INFORMATION SHOWN:
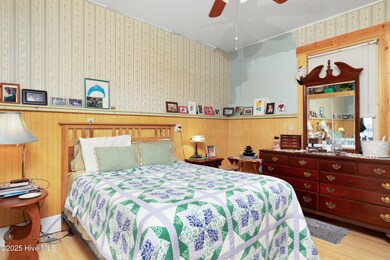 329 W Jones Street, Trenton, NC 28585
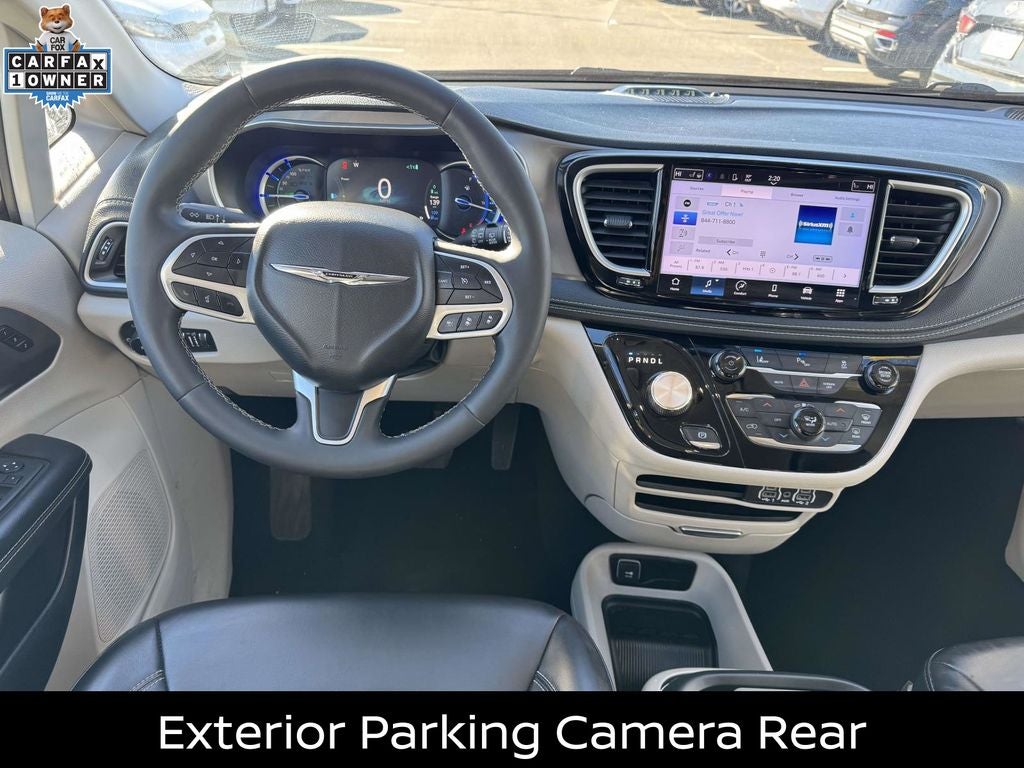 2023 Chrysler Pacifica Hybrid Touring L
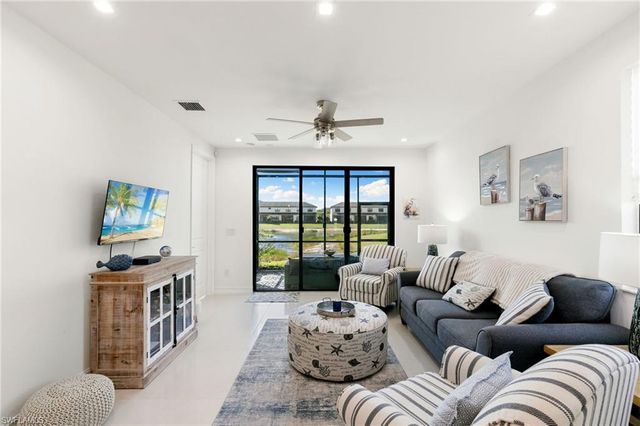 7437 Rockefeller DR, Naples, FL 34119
* * *
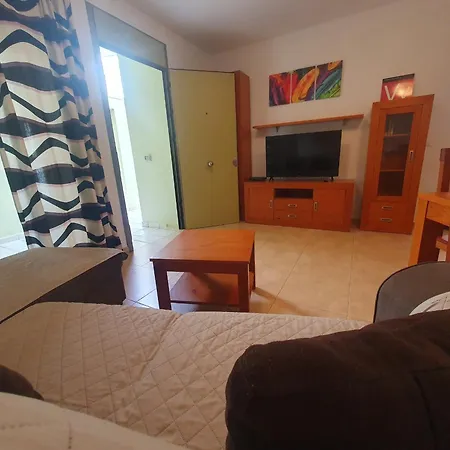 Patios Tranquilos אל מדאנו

WORK REQUIRED: Take the lines above starting at the one containing "329 W Jones Street, Trenton, NC 28585" and ending at the one containing "7437 Rockefeller DR, Naples, FL 34119", and print them again exactly, without pictures.

EXERCISE OUTPUT:
 329 W Jones Street, Trenton, NC 28585
 2023 Chrysler Pacifica Hybrid Touring L
 7437 Rockefeller DR, Naples, FL 34119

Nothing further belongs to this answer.